Replacing one of the integrals in the multiple integral with an analytical solution

Question

Problem consist in simplifying complicated multiple numerical integral, where I know analytical solution for a subset of them. Integrand is of the form

E^(I vecr.A + I vecrp.B + I (vecr.C + vecrp.D)) (vecr.D vecrp.C - vecr.vecrp D.C),

where vecr, vecrp, A, B, C and D are real 3-vectors. I know the analytical solution of a double integral over vecr and vecrp and I want to substitute them, so Mathematica needs to recognize that ''Integral over vecr...*Exp[...*r]->f[r]'' and ''Integral over vecrp...*Exp[...*rp]->f[rp]''. vecr is given by

vecr = {r*Sqrt[1 - μ^2]*Cos[φ],  r*Sqrt[1 - μ^2]*Sin[φ], r*μ};

and similarly for vecrp.

Problem with the brute force approach where Mathematica does this analytical calculations is that it needs too much time (I haven't seen that Mathematica finishes the calculation at all).

Solution of

Table[Integrate[ vecr[[i]]*r^2*Exp[I*veck.vecr], {φ, 0, 2*Pi}, {μ, -1,  1}, {r, 0, R}] , {i, 1, Length[vecr]}]

is

I*12*Pi*R^5*(Sin[k*R]/(k*R)^5 - Cos[k*R]/(k*R)^4 -    Sin[k*R]/(3*(k*R)^3))*veck,

where

veck = {k*Cos[φk]*Sqrt[1 - μk^2], k*Sin [φk]*Sqrt[1 - μk^2], k*μk}

---

For a toy-example

Integrate[y*Exp[-t], {x, 0, \[Infinity]}, {y, 1, 5}

where I know that

Integrate[y, {y, 1, 5}]

is equal to 12 I tried

a[t_] :=  HoldForm[Integrate[y*Exp[-t], {x, 0, \[Infinity]}, {y, 1, 5}]]
a[t] /. HoldForm[Integrate[y, {y, 1, 5}] -> 12]

but it doesn't work.

Answer 1

Perhaps you can adapt this

veck = {k*Cos[φk]*Sqrt[1 - μk^2], k*Sin[φk]*Sqrt[1 - μk^2], k*μk};
vecr = {r*Sqrt[1 - μ^2]*Cos[φ], r*Sqrt[1 - μ^2]*Sin[φ], r*μ};
partial = Table[Integrate[vecr[[i]]*r^2*Exp[I*veck.vecr], {r,0,R}],{i,1,Length[vecr]}]

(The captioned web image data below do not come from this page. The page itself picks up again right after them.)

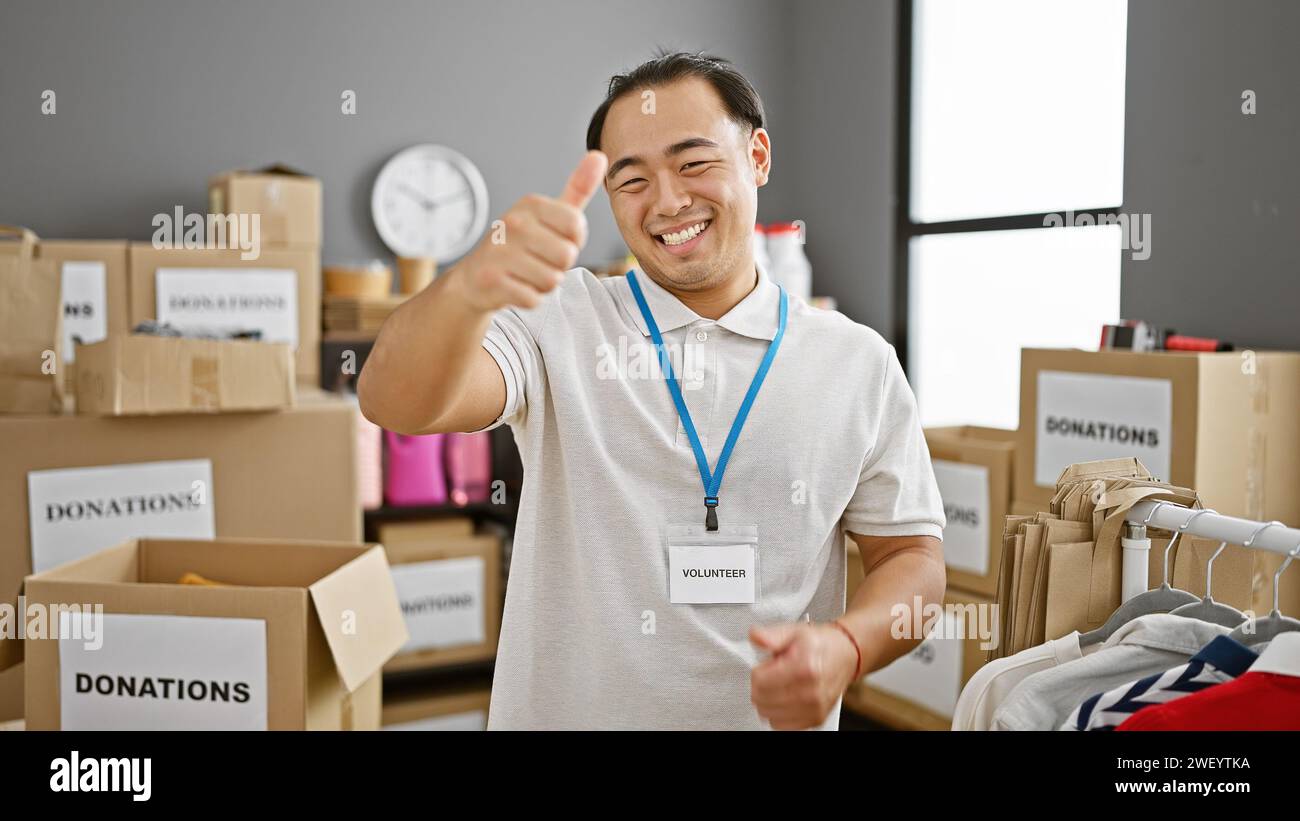 Confiant jeune homme chinois, souriant serviteur montrant le geste pouce-vers-le-haut dans le centre de charité, incarnant l'esprit de volontariat et d'altruisme i. Banque D'Images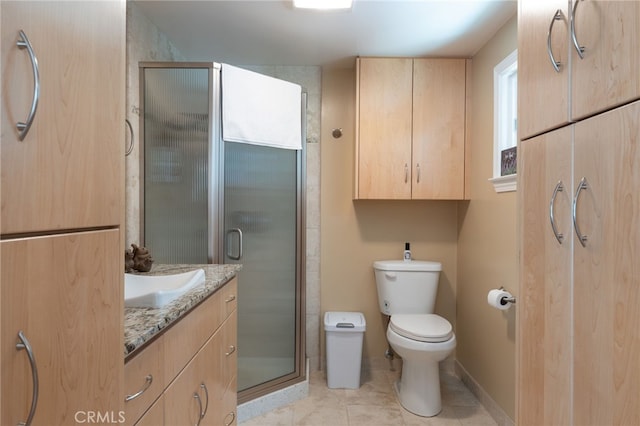 bathroom with a shower with shower door, toilet, vanity, and tile patterned flooring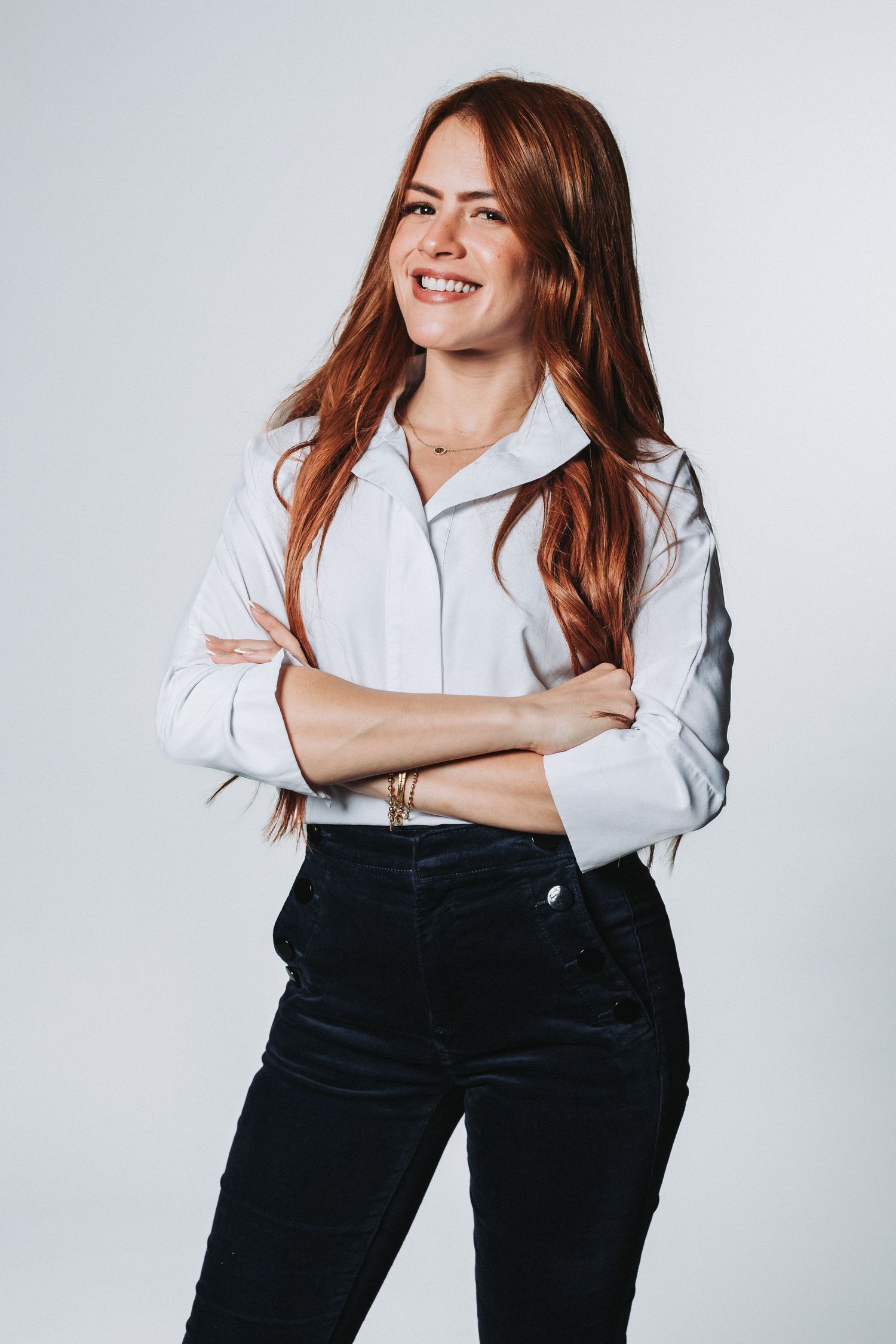 Business casual portrait of woman in white shirt and black pants with flowing red hair.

which will perform your integral over r.

Then to perform the integral over the remaining two variables

Map[Integrate[#, {φ, 0, 2*Pi}, {μ, -1, 1}]&, partial]

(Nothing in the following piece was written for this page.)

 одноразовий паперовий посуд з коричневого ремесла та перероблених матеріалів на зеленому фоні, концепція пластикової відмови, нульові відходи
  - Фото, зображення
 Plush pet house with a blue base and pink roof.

You can look up Map in the help system and see how it is going to take each item in partial one at a time, insert that in the place of that #, and perform Integrate on that.

I am not convinced this is really going to solve your problem, but you can try this on simpler examples and see if you can convince yourself that it will let you do what you asked to do.